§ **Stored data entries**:
□ □ □ □ □ □ □

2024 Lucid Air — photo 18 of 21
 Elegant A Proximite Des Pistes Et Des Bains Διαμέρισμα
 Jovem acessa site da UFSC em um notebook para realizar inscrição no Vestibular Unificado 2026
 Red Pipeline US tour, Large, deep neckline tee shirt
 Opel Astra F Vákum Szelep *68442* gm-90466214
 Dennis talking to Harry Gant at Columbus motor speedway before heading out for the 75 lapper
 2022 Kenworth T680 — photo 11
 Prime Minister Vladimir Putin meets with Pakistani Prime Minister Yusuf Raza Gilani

□ □ □ □ □ □ □

§ **ASSIGNMENT**: Print the line with "Dennis talking to" and every line after it in the entries above, exactly as written. Leave out all other lines.

§ **EXERCISE RESPONSE**:
 Dennis talking to Harry Gant at Columbus motor speedway before heading out for the 75 lapper
 2022 Kenworth T680 — photo 11
 Prime Minister Vladimir Putin meets with Pakistani Prime Minister Yusuf Raza Gilani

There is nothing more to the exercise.